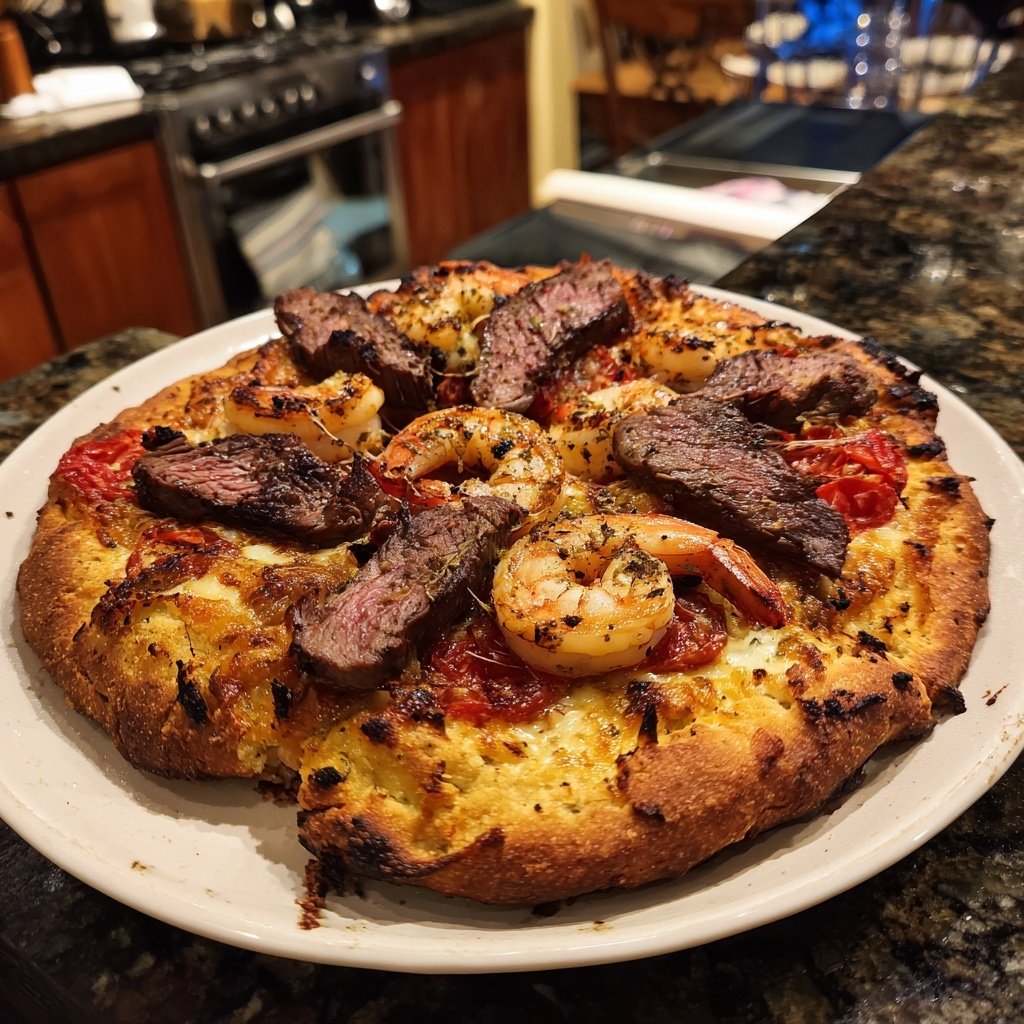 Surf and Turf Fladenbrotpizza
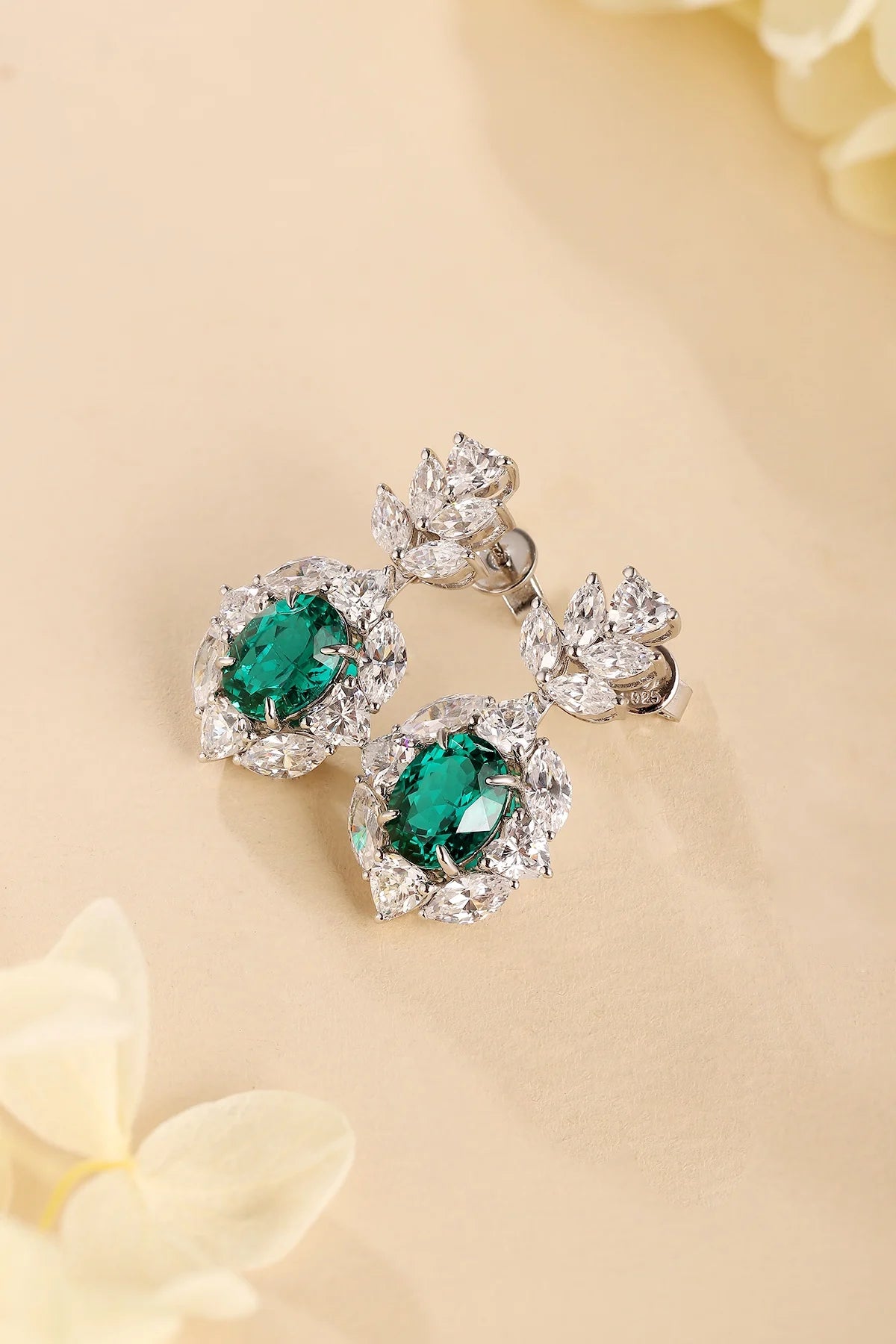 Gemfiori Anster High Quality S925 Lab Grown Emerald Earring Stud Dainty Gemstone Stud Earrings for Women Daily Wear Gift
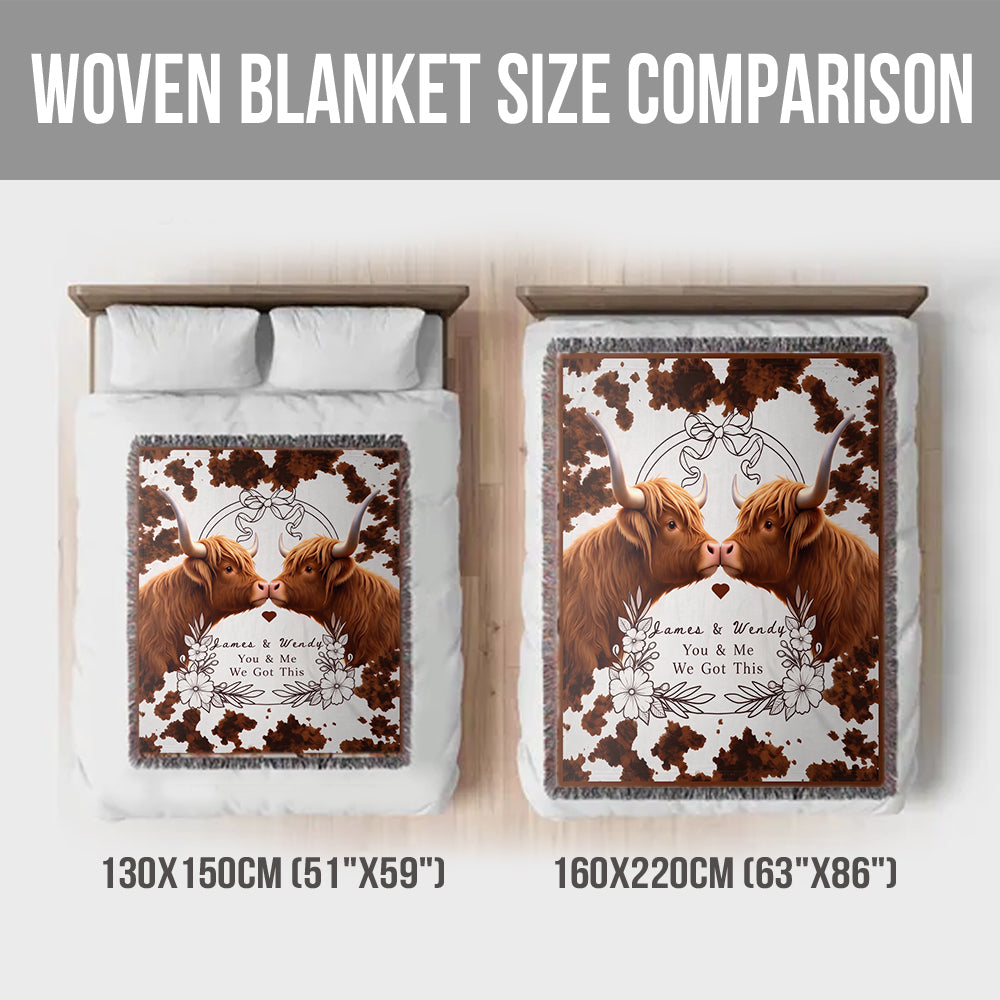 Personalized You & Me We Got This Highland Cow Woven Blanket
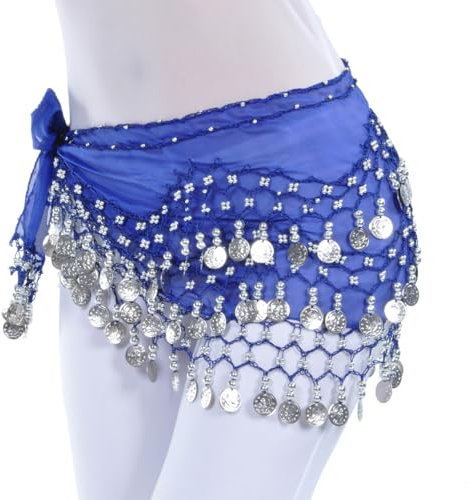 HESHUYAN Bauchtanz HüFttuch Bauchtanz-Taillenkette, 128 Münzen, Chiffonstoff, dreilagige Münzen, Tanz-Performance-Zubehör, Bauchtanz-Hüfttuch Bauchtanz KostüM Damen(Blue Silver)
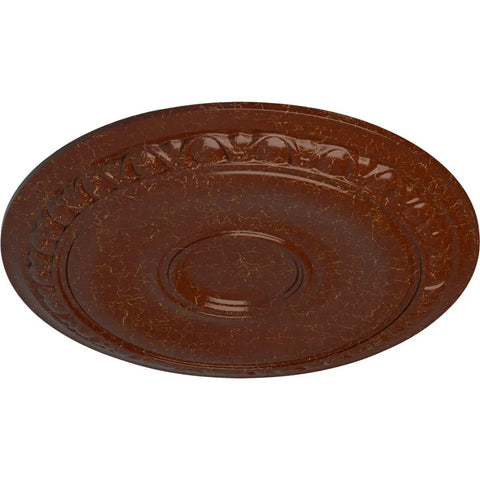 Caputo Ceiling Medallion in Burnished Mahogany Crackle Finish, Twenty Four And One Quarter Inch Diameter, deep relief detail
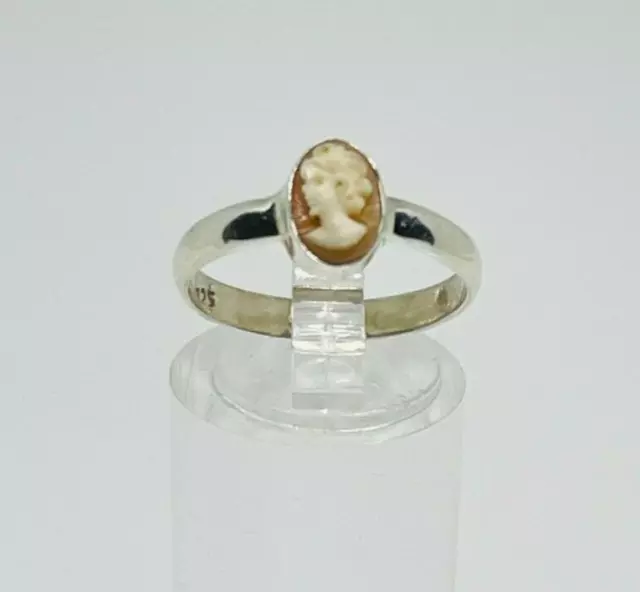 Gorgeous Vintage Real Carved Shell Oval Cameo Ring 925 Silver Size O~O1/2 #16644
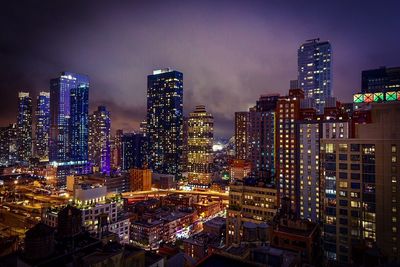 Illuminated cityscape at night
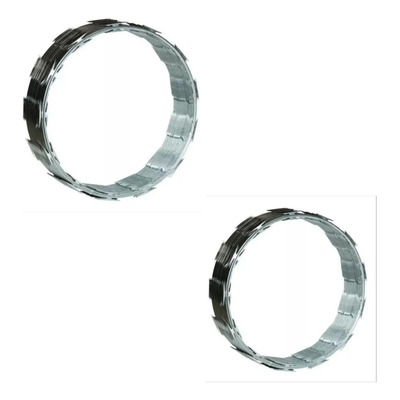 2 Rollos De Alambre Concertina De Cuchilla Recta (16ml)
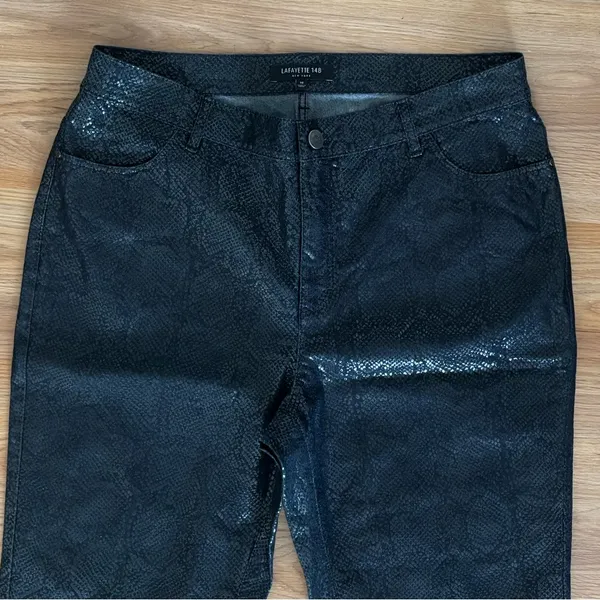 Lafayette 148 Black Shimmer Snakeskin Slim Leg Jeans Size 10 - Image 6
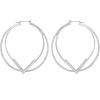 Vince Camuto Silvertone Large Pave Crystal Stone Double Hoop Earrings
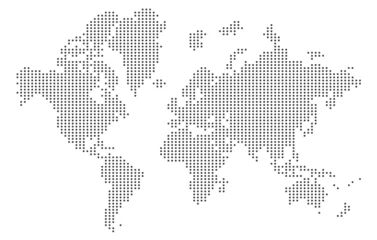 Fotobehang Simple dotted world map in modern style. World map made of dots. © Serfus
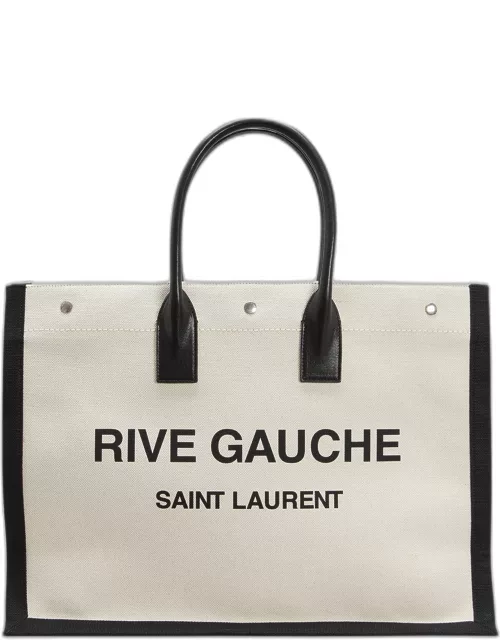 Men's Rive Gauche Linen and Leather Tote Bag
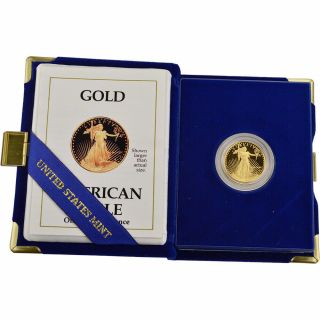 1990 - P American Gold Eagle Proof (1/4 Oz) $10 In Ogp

* WHAT YOU ARE ASKED TO DO:
Take the records above and transcribe them exactly, dropping every picture.

* REPLY:
 Surf and Turf Fladenbrotpizza
 Gemfiori Anster High Quality S925 Lab Grown Emerald Earring Stud Dainty Gemstone Stud Earrings for Women Daily Wear Gift
 Personalized You & Me We Got This Highland Cow Woven Blanket
 HESHUYAN Bauchtanz HüFttuch Bauchtanz-Taillenkette, 128 Münzen, Chiffonstoff, dreilagige Münzen, Tanz-Performance-Zubehör, Bauchtanz-Hüfttuch Bauchtanz KostüM Damen(Blue Silver)
 Caputo Ceiling Medallion in Burnished Mahogany Crackle Finish, Twenty Four And One Quarter Inch Diameter, deep relief detail
 Gorgeous Vintage Real Carved Shell Oval Cameo Ring 925 Silver Size O~O1/2 #16644
 Illuminated cityscape at night
 2 Rollos De Alambre Concertina De Cuchilla Recta (16ml)
 Lafayette 148 Black Shimmer Snakeskin Slim Leg Jeans Size 10 - Image 6
 Vince Camuto Silvertone Large Pave Crystal Stone Double Hoop Earrings
 Fotobehang Simple dotted world map in modern style. World map made of dots. © Serfus
 Men's Rive Gauche Linen and Leather Tote Bag
 1990 - P American Gold Eagle Proof (1/4 Oz) $10 In Ogp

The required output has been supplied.